The Senate is on the verge of passing legislation to extend the
important intelligence surveillance authorities of the Protect
America Act, passed six months ago. Those authorities, set to
expire on February 1, allow the intelligence services to conduct
surveillance of communications between persons located outside of
the United States when the communications happen to pass through
domestic networks. Without this fix, approving such intercepts of
solely international communicants would become an even lengthier
and more onerous process-one never intended even by the Congress
that passed the Foreign Intelligence Surveillance Act (FISA)-to the
great detriment of national security.
In addition, the Senate legislation grants retroactive immunity
to telecom providers that, in good faith, worked with the
government in its surveillance programs, a fair and crucial step to
encourage future cooperation on security matters. As one astute
commentator has explained, "The telecoms know the technology better
than anyone else. If we are going to keep a step ahead of the
people trying to kill us, the intelligence community needs the top
experts in the tent helping us-help you can't expect to get if you
create a climate where they have to fear they will be sued for
providing it."[1] For now, however, the House has rejected
that measure, though negotiations with the Administration
continue.
The war on terrorism is not a brief skirmish but a long war, and
the tools needed to wage it should therefore not be hobbled by
artificial expiration dates imposed for political advantage.
According to some reports, current FISA legislation may be saddled
with a one-month expiration date. This would be counterproductive.

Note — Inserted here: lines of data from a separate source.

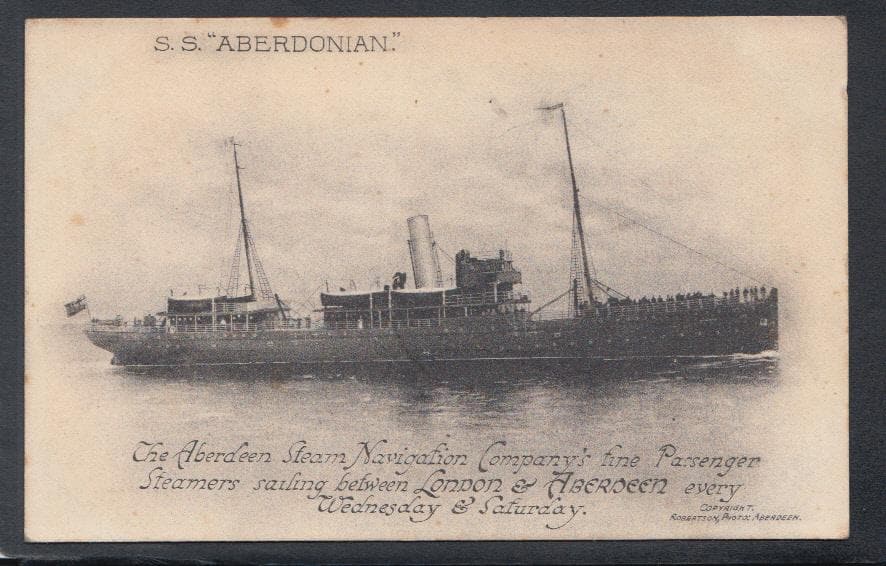 Shipping Postcard - S.S."Aberdonian" Passenger Steamer - Aberdeen Steam Navigation Co - Mo’s Postcards 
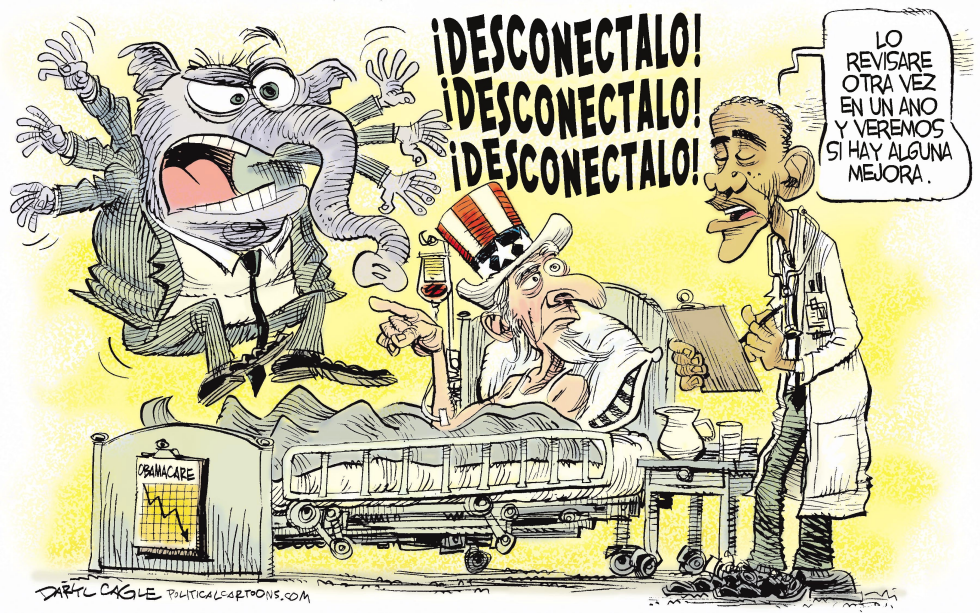  OBAMACARE, DESCONECTALO by Daryl Cagle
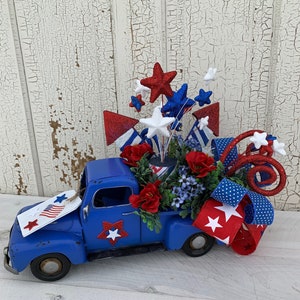 Truck Patriotic Centerpiece Patriotic Table Arrangement Patriotic Decor Patriotic table decor Patriotic Truck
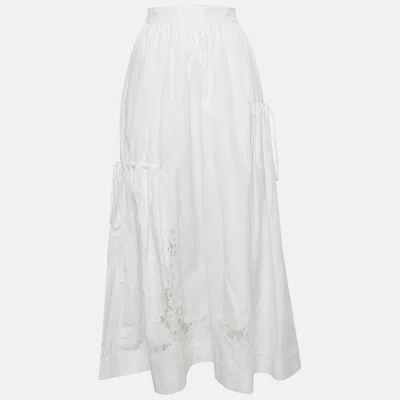 Pre-owned Ermanno Scervino White Poplin And Lace Trim Maxi Skirt S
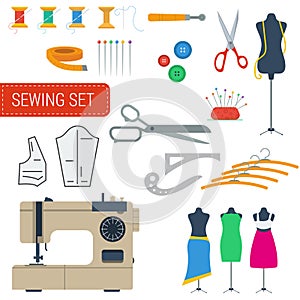 Sewing equipment set icons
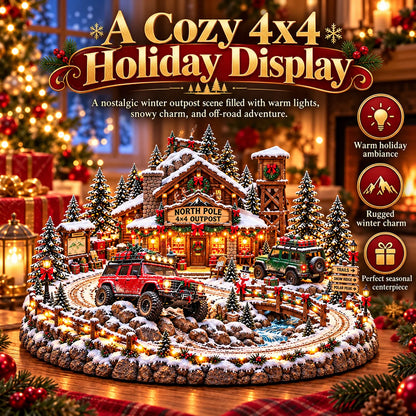 🔥Last Day 50% OFF🔥🚗🎄 Christmas Classic Gas Station Village – Lighted Vintage American Gas Station with Classic Cars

Continuity of intelligence operations requires continuity of
authorities, not constantly shifting sunsets and a fluid legal
structure. Congress should expand and make permanent the FISA
reforms in the Protect America Act and grant retroactive immunity
to telecom companies that have done their part to strengthen
national security. These steps are necessary to avoid hobbling
America's wartime intelligence-gathering abilities.
Need for Modernization
The House passed the Protect America Act of 2007 (PAA) on August
4, 2007, and the President signed it into law the next day. Despite
the disclaimers by Members of Congress who want to create a more
restrictive regime for gathering intelligence on terrorists, the
PAA passed because it had bipartisan support and because Director
of National Intelligence (DNI) Mike McConnell spoke personally with
approximately 260 Members. He explained why the PAA was necessary
to remedy the damage caused by an unprecedented and seemingly
erroneous decision by the Foreign Intelligence Surveillance Court
in May 2007.[2] The decision opened an intelligence gap by
effectively requiring the federal government, for the first time
ever, to obtain a FISA warrant for any surveillance of persons
located overseas if their electronic communications (e.g., emails,
cell-phone calls, and text messages) might possibly be routed
through the United States.
Because significant advances in technology that change how calls
and packets of data are routed have occurred since the passage of
FISA in 1978, and because most of the world's largest
telecommunications and Internet service providers are located in
the United States, this would have required a FISA warrant for
surveillance of potentially every person located overseas. No one
could know in advance whether any communication by a person located
outside the United States might end up being routed through the
United States. DNI McConnell disclosed that thousands of
individuals overseas are being monitored for terrorist activities.
Obtaining approval for each intercept would be nearly
impossible.
Each FISA application requires approximately 200 person-hours of
government attorneys' and other intelligence officials' time for
each telephone number intercepted. Only about 100 persons are being
monitored in the United States, but this alone requires the
equivalent of full-time service of ten government attorneys or
other intelligence officials just to prepare the FISA
applications.[3] Thousands of persons outside of the United
States are being monitored for terrorism-related activities. For
every thousand, 100 government officials would have to spend a year
working fulltime to prepare all of the FISA applications. As former
National Security Administration General Counsel Robert L. Dietz
noted in congressional testimony concerning revising FISA: "My
concern is analyst time. And the issue that most concerns us is
counterterrorism experts and analysts do not grow on trees. And
every time I've got five or 10 or 15 or 20 counterterrorism experts
working FISA factual issues, that's time when they're not trying to
stop the enemies of the United States."[4] This is not the formula for a
nimble and effective international intelligence regime.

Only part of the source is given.